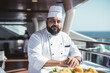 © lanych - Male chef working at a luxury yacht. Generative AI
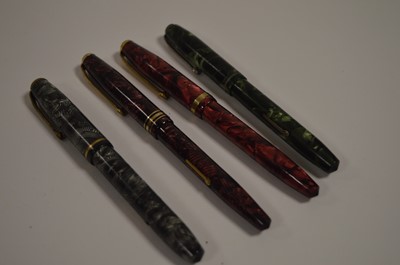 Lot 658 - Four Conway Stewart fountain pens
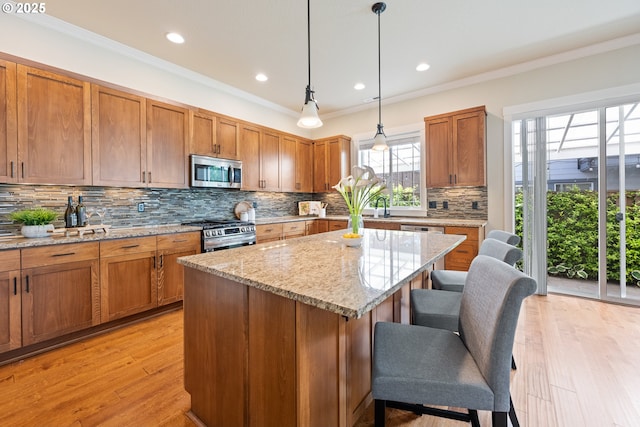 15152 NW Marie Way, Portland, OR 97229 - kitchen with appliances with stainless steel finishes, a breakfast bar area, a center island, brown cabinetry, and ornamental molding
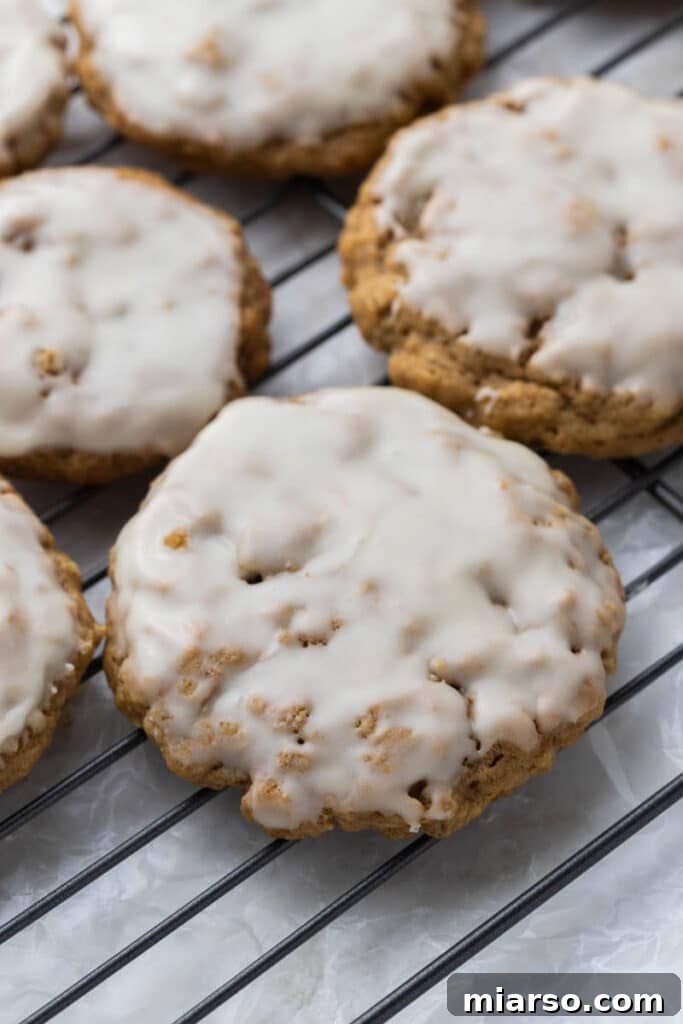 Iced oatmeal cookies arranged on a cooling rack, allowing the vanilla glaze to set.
* * *
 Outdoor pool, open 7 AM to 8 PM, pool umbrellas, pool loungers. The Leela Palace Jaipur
--
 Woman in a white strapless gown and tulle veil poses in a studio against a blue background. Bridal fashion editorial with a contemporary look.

:: What is expected ::
What is wanted is an exact copy of the lines above from the one containing "yacht. Generative AI" through the one containing "Iced oatmeal cookies", with no pictures in it.

:: Answer ::
 © lanych - Male chef working at a luxury yacht. Generative AI
 Lot 658 - Four Conway Stewart fountain pens
 15152 NW Marie Way, Portland, OR 97229 - kitchen with appliances with stainless steel finishes, a breakfast bar area, a center island, brown cabinetry, and ornamental molding
 Iced oatmeal cookies arranged on a cooling rack, allowing the vanilla glaze to set.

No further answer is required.